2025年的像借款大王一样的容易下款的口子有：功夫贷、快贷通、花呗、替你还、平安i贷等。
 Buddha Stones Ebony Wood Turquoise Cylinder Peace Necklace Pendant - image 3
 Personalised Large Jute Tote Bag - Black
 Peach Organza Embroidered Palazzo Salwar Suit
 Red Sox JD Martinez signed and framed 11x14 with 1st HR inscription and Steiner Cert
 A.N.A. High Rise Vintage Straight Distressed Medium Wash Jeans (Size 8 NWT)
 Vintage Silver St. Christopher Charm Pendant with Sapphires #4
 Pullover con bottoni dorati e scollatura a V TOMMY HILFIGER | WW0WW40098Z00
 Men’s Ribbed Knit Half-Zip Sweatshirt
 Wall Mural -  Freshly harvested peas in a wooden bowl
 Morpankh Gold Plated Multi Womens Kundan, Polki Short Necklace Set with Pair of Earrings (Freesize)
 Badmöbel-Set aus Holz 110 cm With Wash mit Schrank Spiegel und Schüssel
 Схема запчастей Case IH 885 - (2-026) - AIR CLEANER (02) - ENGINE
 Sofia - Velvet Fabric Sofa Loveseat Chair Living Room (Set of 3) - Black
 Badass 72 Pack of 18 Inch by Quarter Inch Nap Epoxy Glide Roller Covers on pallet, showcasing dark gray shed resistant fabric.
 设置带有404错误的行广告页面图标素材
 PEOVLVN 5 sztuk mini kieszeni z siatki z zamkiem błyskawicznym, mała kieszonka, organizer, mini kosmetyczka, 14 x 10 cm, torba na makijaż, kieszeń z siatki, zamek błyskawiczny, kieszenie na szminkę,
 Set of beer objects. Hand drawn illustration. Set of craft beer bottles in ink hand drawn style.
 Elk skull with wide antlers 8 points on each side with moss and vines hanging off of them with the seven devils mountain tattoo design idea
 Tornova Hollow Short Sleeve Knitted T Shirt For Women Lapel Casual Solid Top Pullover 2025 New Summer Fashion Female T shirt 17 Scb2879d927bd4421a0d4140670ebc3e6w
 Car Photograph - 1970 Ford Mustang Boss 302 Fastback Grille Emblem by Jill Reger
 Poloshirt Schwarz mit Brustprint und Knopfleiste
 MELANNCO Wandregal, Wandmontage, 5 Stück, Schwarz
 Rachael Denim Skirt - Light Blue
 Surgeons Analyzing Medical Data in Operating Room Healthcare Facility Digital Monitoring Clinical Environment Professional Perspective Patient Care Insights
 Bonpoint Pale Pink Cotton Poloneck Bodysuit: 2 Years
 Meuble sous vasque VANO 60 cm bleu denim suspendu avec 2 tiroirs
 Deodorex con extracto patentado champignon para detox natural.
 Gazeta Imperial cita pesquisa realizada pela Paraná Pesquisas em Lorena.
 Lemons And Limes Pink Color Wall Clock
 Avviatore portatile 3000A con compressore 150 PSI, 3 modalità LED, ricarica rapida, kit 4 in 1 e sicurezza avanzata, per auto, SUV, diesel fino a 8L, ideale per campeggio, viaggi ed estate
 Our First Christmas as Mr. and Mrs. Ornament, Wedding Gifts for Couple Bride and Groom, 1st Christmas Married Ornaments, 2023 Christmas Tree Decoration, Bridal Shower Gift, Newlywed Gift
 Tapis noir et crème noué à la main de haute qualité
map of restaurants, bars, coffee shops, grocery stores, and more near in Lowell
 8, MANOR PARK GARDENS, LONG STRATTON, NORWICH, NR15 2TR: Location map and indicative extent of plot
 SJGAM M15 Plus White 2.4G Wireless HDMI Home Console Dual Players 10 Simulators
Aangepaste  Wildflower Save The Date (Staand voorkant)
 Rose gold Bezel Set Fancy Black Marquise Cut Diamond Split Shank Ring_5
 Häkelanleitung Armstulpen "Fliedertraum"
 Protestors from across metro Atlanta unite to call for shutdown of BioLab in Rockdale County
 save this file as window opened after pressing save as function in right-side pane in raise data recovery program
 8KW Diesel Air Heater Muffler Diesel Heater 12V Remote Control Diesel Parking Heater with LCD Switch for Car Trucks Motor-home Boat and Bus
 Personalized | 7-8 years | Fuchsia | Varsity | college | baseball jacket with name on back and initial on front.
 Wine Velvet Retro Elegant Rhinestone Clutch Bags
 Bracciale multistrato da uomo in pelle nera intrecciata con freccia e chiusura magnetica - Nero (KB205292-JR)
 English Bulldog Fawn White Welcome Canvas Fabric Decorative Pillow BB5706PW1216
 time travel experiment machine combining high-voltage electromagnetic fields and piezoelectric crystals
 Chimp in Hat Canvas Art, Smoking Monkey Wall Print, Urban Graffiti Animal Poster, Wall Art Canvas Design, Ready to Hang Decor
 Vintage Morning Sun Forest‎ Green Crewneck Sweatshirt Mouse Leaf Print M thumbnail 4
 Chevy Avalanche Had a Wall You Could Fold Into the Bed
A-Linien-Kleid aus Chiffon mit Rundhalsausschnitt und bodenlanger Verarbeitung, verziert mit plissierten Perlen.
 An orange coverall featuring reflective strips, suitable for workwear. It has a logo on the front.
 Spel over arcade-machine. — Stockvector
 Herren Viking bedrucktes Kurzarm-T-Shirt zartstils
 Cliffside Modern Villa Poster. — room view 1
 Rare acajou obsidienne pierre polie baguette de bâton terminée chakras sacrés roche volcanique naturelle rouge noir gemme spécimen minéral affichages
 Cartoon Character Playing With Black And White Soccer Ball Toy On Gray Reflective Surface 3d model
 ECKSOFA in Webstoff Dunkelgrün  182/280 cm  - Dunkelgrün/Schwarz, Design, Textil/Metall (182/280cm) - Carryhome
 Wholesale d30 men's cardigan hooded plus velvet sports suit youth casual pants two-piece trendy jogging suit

☆ ☆ ☆ ☆ ☆ ☆ ☆

_ABOUT THIS EXERCISE_
Repeat each of the records exactly as written.

_TASK ANSWER_
2025年的像借款大王一样的容易下款的口子有：功夫贷、快贷通、花呗、替你还、平安i贷等。
 Buddha Stones Ebony Wood Turquoise Cylinder Peace Necklace Pendant - image 3
 Personalised Large Jute Tote Bag - Black
 Peach Organza Embroidered Palazzo Salwar Suit
 Red Sox JD Martinez signed and framed 11x14 with 1st HR inscription and Steiner Cert
 A.N.A. High Rise Vintage Straight Distressed Medium Wash Jeans (Size 8 NWT)
 Vintage Silver St. Christopher Charm Pendant with Sapphires #4
 Pullover con bottoni dorati e scollatura a V TOMMY HILFIGER | WW0WW40098Z00
 Men’s Ribbed Knit Half-Zip Sweatshirt
 Wall Mural -  Freshly harvested peas in a wooden bowl
 Morpankh Gold Plated Multi Womens Kundan, Polki Short Necklace Set with Pair of Earrings (Freesize)
 Badmöbel-Set aus Holz 110 cm With Wash mit Schrank Spiegel und Schüssel
 Схема запчастей Case IH 885 - (2-026) - AIR CLEANER (02) - ENGINE
 Sofia - Velvet Fabric Sofa Loveseat Chair Living Room (Set of 3) - Black
 Badass 72 Pack of 18 Inch by Quarter Inch Nap Epoxy Glide Roller Covers on pallet, showcasing dark gray shed resistant fabric.
 设置带有404错误的行广告页面图标素材
 PEOVLVN 5 sztuk mini kieszeni z siatki z zamkiem błyskawicznym, mała kieszonka, organizer, mini kosmetyczka, 14 x 10 cm, torba na makijaż, kieszeń z siatki, zamek błyskawiczny, kieszenie na szminkę,
 Set of beer objects. Hand drawn illustration. Set of craft beer bottles in ink hand drawn style.
 Elk skull with wide antlers 8 points on each side with moss and vines hanging off of them with the seven devils mountain tattoo design idea
 Tornova Hollow Short Sleeve Knitted T Shirt For Women Lapel Casual Solid Top Pullover 2025 New Summer Fashion Female T shirt 17 Scb2879d927bd4421a0d4140670ebc3e6w
 Car Photograph - 1970 Ford Mustang Boss 302 Fastback Grille Emblem by Jill Reger
 Poloshirt Schwarz mit Brustprint und Knopfleiste
 MELANNCO Wandregal, Wandmontage, 5 Stück, Schwarz
 Rachael Denim Skirt - Light Blue
 Surgeons Analyzing Medical Data in Operating Room Healthcare Facility Digital Monitoring Clinical Environment Professional Perspective Patient Care Insights
 Bonpoint Pale Pink Cotton Poloneck Bodysuit: 2 Years
 Meuble sous vasque VANO 60 cm bleu denim suspendu avec 2 tiroirs
 Deodorex con extracto patentado champignon para detox natural.
 Gazeta Imperial cita pesquisa realizada pela Paraná Pesquisas em Lorena.
 Lemons And Limes Pink Color Wall Clock
 Avviatore portatile 3000A con compressore 150 PSI, 3 modalità LED, ricarica rapida, kit 4 in 1 e sicurezza avanzata, per auto, SUV, diesel fino a 8L, ideale per campeggio, viaggi ed estate
 Our First Christmas as Mr. and Mrs. Ornament, Wedding Gifts for Couple Bride and Groom, 1st Christmas Married Ornaments, 2023 Christmas Tree Decoration, Bridal Shower Gift, Newlywed Gift
 Tapis noir et crème noué à la main de haute qualité
map of restaurants, bars, coffee shops, grocery stores, and more near in Lowell
 8, MANOR PARK GARDENS, LONG STRATTON, NORWICH, NR15 2TR: Location map and indicative extent of plot
 SJGAM M15 Plus White 2.4G Wireless HDMI Home Console Dual Players 10 Simulators
Aangepaste  Wildflower Save The Date (Staand voorkant)
 Rose gold Bezel Set Fancy Black Marquise Cut Diamond Split Shank Ring_5
 Häkelanleitung Armstulpen "Fliedertraum"
 Protestors from across metro Atlanta unite to call for shutdown of BioLab in Rockdale County
 save this file as window opened after pressing save as function in right-side pane in raise data recovery program
 8KW Diesel Air Heater Muffler Diesel Heater 12V Remote Control Diesel Parking Heater with LCD Switch for Car Trucks Motor-home Boat and Bus
 Personalized | 7-8 years | Fuchsia | Varsity | college | baseball jacket with name on back and initial on front.
 Wine Velvet Retro Elegant Rhinestone Clutch Bags
 Bracciale multistrato da uomo in pelle nera intrecciata con freccia e chiusura magnetica - Nero (KB205292-JR)
 English Bulldog Fawn White Welcome Canvas Fabric Decorative Pillow BB5706PW1216
 time travel experiment machine combining high-voltage electromagnetic fields and piezoelectric crystals
 Chimp in Hat Canvas Art, Smoking Monkey Wall Print, Urban Graffiti Animal Poster, Wall Art Canvas Design, Ready to Hang Decor
 Vintage Morning Sun Forest‎ Green Crewneck Sweatshirt Mouse Leaf Print M thumbnail 4
 Chevy Avalanche Had a Wall You Could Fold Into the Bed
A-Linien-Kleid aus Chiffon mit Rundhalsausschnitt und bodenlanger Verarbeitung, verziert mit plissierten Perlen.
 An orange coverall featuring reflective strips, suitable for workwear. It has a logo on the front.
 Spel over arcade-machine. — Stockvector
 Herren Viking bedrucktes Kurzarm-T-Shirt zartstils
 Cliffside Modern Villa Poster. — room view 1
 Rare acajou obsidienne pierre polie baguette de bâton terminée chakras sacrés roche volcanique naturelle rouge noir gemme spécimen minéral affichages
 Cartoon Character Playing With Black And White Soccer Ball Toy On Gray Reflective Surface 3d model
 ECKSOFA in Webstoff Dunkelgrün  182/280 cm  - Dunkelgrün/Schwarz, Design, Textil/Metall (182/280cm) - Carryhome
 Wholesale d30 men's cardigan hooded plus velvet sports suit youth casual pants two-piece trendy jogging suit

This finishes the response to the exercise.